Transcribe, exactly as they appear, only the lines from the one holding "1 - FOXO6 Antibody (Center) AP12340C" through the end of the entries below.

** Opening Source records block **

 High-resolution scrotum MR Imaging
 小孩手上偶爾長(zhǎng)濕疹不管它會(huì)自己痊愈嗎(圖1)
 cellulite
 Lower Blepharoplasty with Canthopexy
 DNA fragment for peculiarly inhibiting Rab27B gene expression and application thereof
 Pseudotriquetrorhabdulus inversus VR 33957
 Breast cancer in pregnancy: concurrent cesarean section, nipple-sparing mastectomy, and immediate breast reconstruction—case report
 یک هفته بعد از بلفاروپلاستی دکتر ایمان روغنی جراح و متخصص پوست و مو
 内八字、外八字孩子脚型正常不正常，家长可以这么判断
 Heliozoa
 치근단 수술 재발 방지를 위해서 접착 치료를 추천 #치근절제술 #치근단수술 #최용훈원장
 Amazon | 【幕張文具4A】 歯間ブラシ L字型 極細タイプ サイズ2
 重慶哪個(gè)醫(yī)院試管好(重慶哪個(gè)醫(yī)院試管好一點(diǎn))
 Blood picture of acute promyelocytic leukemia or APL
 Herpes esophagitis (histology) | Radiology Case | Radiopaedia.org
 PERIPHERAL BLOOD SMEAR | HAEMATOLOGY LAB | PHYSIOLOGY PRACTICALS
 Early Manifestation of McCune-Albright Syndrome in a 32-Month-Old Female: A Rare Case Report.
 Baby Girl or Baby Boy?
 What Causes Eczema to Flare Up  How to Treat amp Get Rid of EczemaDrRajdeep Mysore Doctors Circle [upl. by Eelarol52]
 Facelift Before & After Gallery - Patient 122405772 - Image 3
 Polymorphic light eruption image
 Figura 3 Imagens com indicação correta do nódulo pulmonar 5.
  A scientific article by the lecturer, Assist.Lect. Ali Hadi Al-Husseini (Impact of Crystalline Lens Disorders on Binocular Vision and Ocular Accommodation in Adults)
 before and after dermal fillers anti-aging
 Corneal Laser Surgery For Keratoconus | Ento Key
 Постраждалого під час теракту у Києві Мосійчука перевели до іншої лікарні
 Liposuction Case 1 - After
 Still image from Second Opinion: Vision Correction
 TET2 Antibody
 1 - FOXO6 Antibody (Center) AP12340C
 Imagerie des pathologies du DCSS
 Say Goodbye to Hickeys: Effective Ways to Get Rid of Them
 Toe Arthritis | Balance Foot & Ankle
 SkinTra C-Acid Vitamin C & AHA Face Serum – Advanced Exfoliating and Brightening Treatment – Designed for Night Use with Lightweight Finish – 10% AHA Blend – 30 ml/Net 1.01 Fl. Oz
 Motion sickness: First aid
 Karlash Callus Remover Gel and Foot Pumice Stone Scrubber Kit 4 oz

** Closing Source records block **

• Finished task
 1 - FOXO6 Antibody (Center) AP12340C
 Imagerie des pathologies du DCSS
 Say Goodbye to Hickeys: Effective Ways to Get Rid of Them
 Toe Arthritis | Balance Foot & Ankle
 SkinTra C-Acid Vitamin C & AHA Face Serum – Advanced Exfoliating and Brightening Treatment – Designed for Night Use with Lightweight Finish – 10% AHA Blend – 30 ml/Net 1.01 Fl. Oz
 Motion sickness: First aid
 Karlash Callus Remover Gel and Foot Pumice Stone Scrubber Kit 4 oz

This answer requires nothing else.